A solid majority of Americans outwardly express prejudice toward black Americans, according to a recent poll by the Associated Press. It didn’t matter whether the questions asked were explicit or implicit about racial attitudes; more Americans are prejudiced toward blacks since Obama took office in 2008.
And more have anti-Hispanic attitudes, too, according to the poll.
Disappointing? Yes. Surprising? A little.
But the signs have been apparent for awhile. The Southern Poverty Law Center has reported an increase in the number of Neo-Nazi and white-extremist groups.
We’ve seen the president dogged by questions about his citizenship through much of his term. The prevalence of coded language, referring to him as the community organizer, food stamp, and welfare president, draws little protest from Republicans.
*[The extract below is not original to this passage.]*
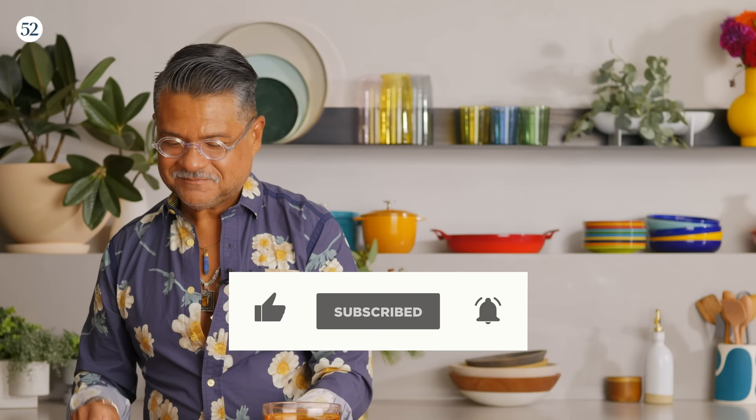If you like this recipe and want more sweet heat and more incredibly delicious things like this, make sure you hit like and subscribe. You can find this recipe at food52.com. Happy holidays!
And just days ago, Senator John Sununu said General Colin Powell’s endorsement of Obama for a second term was, like that of many African-Americans, racially motivated.
Maybe the rise of racism is a response to a slow economic recovery that hasn’t been kind to working-class white males. Or maybe the country is coming to terms with a population that is increasingly diverse; a future where whites could someday be a minority is not the America many envision.